For a full pipeline on this project’s layout—preprocess, split playlists 1A / 1B, and extract baselines—edit paths in the script if needed, then run:

bash src/scripts/preprocess.sh

src/scripts/preprocess.sh sets DATA_DIR, runs preprocess_dataset with blob/prong limits and playlist selection, runs split_dataset per playlist (with different val/test ratios for 1B vs 1A), and runs extract_baselines against the raw playlist directories under scratch.

3) Split into train / val / test

python -m src.scripts.split_dataset \
  --input-dir <PREPROCESSED_DIR> \
  --output-dir <SPLIT_OUTPUT_DIR>

To inspect created features quickly, see notebooks/stats.ipynb.

4) Train models

Direct training command

Use src/scripts/train.py for both regression and classification.

python -m src.scripts.train \
  -bs 2048 \
  --mode regression \
  -E-available-no-muon \
  -name Run_debug \
  --d_model 128 --depth 4 --n_heads 8 \
  --max_steps 500000 \
  --data_path <SPLIT_OUTPUT_DIR>

SLURM submission (src/jobs/submit_train_jobs.py)

src/jobs/submit_train_jobs.py builds training commands, writes SLURM scripts, and submits them with sbatch.

Current defaults in that script:

  • loops over seed, data_cap, task, and model
  • uses task in {regression, classifier} (these map directly to --mode values)
  • supports model in {Transformer1, OLS, OLS_RW, OLM}
  • maps each (data_cap, model) to a SLURM walltime
  • writes .slurm, .log, and .error.log files under fixed NERSC paths

Before running submission:

  1. Create a .env file in repo root with environment variables needed in your cluster job.
  2. Update hardcoded paths in submit_train_jobs.py if you are not using the default NERSC layout (for example --data_path in generate_cmd, CKPT_DIR in resume mode, and the log_dir / error_dir / slurm_file paths in __main__).
  3. Optionally edit get_cmds_and_slurm_times() to choose your model/task/data-cap sweep.

Then submit:

python src/jobs/submit_train_jobs.py

The script also includes get_cmds_and_slurm_times_continue() for checkpoint resume runs.

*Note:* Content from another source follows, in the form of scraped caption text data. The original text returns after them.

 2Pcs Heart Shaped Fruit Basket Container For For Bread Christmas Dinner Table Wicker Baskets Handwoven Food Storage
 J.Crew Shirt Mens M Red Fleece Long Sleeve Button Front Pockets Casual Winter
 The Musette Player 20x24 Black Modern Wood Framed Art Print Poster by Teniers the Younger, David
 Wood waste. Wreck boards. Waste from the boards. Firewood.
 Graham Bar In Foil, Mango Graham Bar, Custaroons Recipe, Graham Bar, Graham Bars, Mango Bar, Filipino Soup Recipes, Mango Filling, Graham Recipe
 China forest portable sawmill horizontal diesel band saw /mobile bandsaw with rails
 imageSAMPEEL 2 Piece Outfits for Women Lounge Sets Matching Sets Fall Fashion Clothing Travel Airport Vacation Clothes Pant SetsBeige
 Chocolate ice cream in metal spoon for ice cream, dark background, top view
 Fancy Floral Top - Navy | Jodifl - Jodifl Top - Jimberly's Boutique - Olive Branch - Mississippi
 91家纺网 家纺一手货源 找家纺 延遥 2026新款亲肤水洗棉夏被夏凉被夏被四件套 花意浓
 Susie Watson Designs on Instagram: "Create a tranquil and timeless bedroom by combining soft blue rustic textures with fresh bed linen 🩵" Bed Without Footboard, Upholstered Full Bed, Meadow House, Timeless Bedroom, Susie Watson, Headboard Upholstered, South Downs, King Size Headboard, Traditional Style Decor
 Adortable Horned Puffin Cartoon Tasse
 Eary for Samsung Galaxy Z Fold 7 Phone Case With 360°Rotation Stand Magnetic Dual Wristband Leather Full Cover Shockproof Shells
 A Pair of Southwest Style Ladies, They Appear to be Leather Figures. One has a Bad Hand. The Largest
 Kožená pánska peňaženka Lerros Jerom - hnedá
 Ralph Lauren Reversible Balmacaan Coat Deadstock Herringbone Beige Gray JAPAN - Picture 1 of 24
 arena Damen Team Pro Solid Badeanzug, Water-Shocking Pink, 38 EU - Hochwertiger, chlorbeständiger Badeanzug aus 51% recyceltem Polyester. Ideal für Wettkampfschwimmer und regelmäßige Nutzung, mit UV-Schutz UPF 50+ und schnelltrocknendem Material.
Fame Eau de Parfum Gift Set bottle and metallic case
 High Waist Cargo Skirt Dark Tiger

5) Analysis (test eval + notebooks)

After training, group the runs you want to compare in Weights & Biases by assigning the same tag to each run (in the run’s overview or via the API). The tools below use that tag against the minerva-models project under your W&B entity (set WANDB_ENTITY and use wandb login as needed).

Test evaluation (eval)

Generate the python -m src.scripts.eval ... commands for checkpoints that still need test_results (skipped if an .npz for that dataset already exists):

python -m src.scripts.print_eval_commands --wandb-flag <TAG>

--wandb-flag only lists runs whose checkpoint folder name matches a wandb run name with that tag; omit it to consider every run under --ckpt-dir (default: see --help). Run each printed line locally. Evaluation is very small and fast—it is fine to run on login nodes without a GPU job.

Notebooks

  1. Open notebooks/Eval_Classification.ipynb or notebooks/Eval_Regression.ipynb.
  2. Set the WANDB_TAG variable at the top to match your tag (both notebooks use this to query runs).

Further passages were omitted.